Mensa is NOT a place where people sit around and stroke their egos. At least I've never seen that happen. Mostly I see people who are blossoming in the accepting atmosphere of a place where they are understood and appreciated for their weird humor, eccentric interests, and creative ideas. If you feel a little off-kilter sometimes in a world that doesn't see things the way you do, consider visiting a Mensa meeting and see what you think. You might find a new home.


Miss Kitty said...

Wow! What a cool group, and what a sweet story.

Pixie and I supposedly tested very high on IQ stuff when we were kids. Our dad had a psychologist in D2U City administer the tests; funny, but we never found out how we did. I don't really want to think about why he had us tested; we were both already in the "gifted" program at school. But the test day came and went, and Pixie and I forgot completely about it. There was plenty of other high-priority crap going on in our lives.

Fast-forward 20+ years. After my divorce in my late 20s, I dated a fellow whom I'll call John. His friend at work was married to the daughter of our longtime nanny. John called me up one day and said, "Why didn't you tell me you were a genius?" I said, "Whaaaaa?" He replied, "Kevin says according to his mother-in-law, you and Pixie blew the Genius Test off the chart, highest score the shrink had ever seen with kids yall's age."

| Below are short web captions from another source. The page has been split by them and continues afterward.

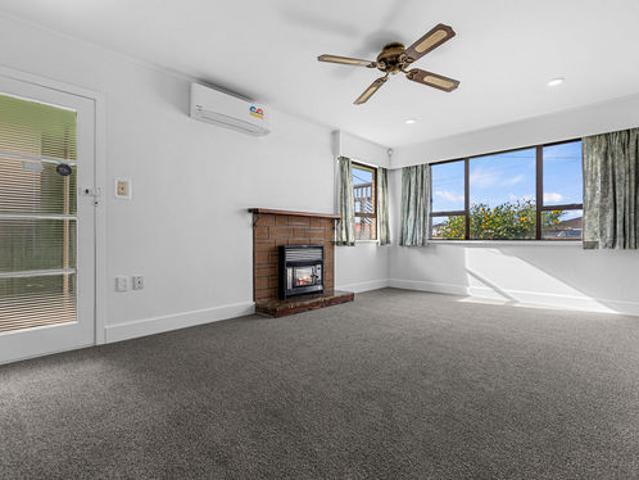 Renovated Beach Charmer!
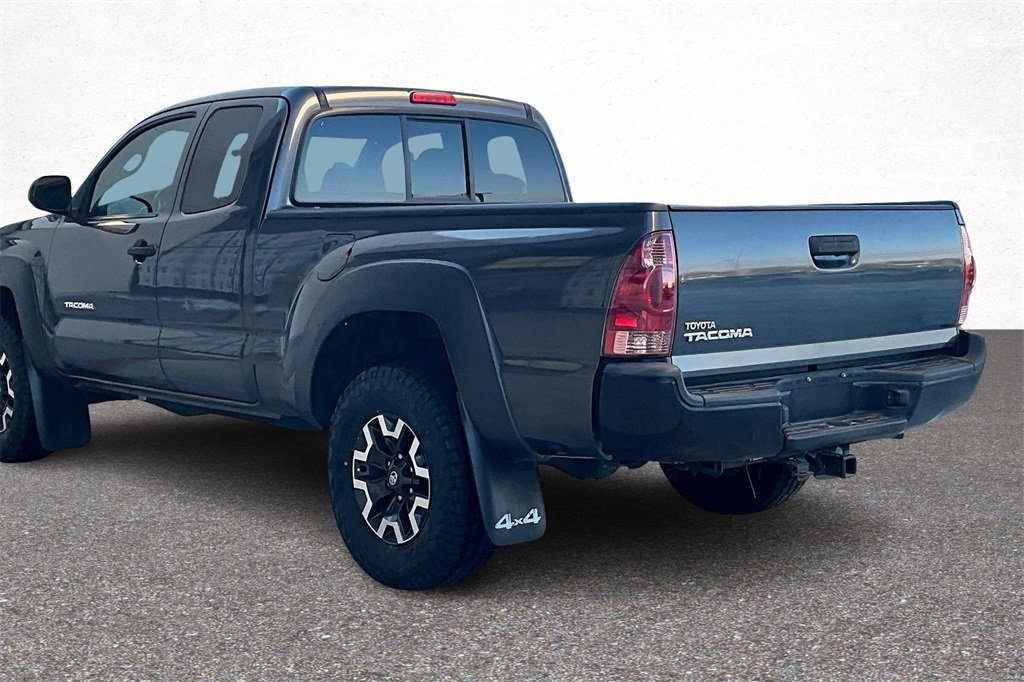 Used 2015 Toyota Tacoma 4x4 Access Cab image 4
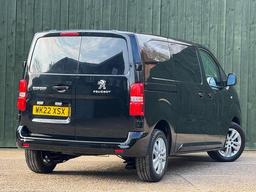 Peugeot Expert 2.0 BlueHDi 1400 Professional Premium Standard Panel Van MWB Euro 6 (s/s) 6dr at 3th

I still don't know what it all means.

ms. kitty said...

One of the presentations at the AG is entitled "Help Me, I'm Gifted: the Hidden Life of Smart People" and is about what it means to be a gifted adult in America in 2011, through discussion of some of the myths that surround high intelligence. One of my reasons for not being more open about my Mensa membership is that I don't know what people think "high intelligence" means. Like Kevin, people often think it means "genius" and God knows I'm not a genius in the typical way.

Just looking around me at the other attendees, I can see a lot of folks who would be labeled "eccentric" and "weird" rather than smart; they are hugely overweight, illmannered, bombastic, off-kilter---and interesting!

The minds in these folks are unusual in the ways they process input. I pick that up from both you and Pixie, though you don't come across as eccentric or weird. (Or fat, rude, etc., either!)

Mensa is home to really nice smart people and really hard-to-stomach smart people. You kinda take the bitter with the sweet, but when I've taken the time to get to know the true oddballs, it's been very interesting!

You can visit a Mensa gathering near you without being a member; most chapters welcome visitors at their open events, like a monthly general meeting. You can sample it and see if you feel like you fit.

I don't know what your local GA group is like; I did attend an Annual Gathering in Atlanta years ago and had fun, but that's not a guarantee of the flavor of the local group.

Do it when Pixie comes to visit sometime; if it works, you'll have fun. If it doesn't you'll have lots to talk about!

Miss Kitty said...

Hmmm, thanks for the info, Ms. K. I don't know how I would do on any sort of IQ test these days--especially since I know what the test is for; back then, I was young and blissfully unaware, and just happy to have the day off from the utter boredom that was school. :-)

I'm president of a writer's convention, and your description of the Mensa attendees sounds a whole lot like the strange but ultimately sweet group on our Steering Committee. Don't know what that means, either, but there it is. Between Pixie and me, I'm the more socially awkward one, but we're indeed both sensitive and eccentric. :-)


ms. kitty said...

Actually, you might not have to take the test----lots of people get in on scores like SATs GREs, ASVABs, etc.

But you sound like you've got your very own little bunch of sweet eccentrics to deal with!

Thanks for the hugs---back atcha, dear one!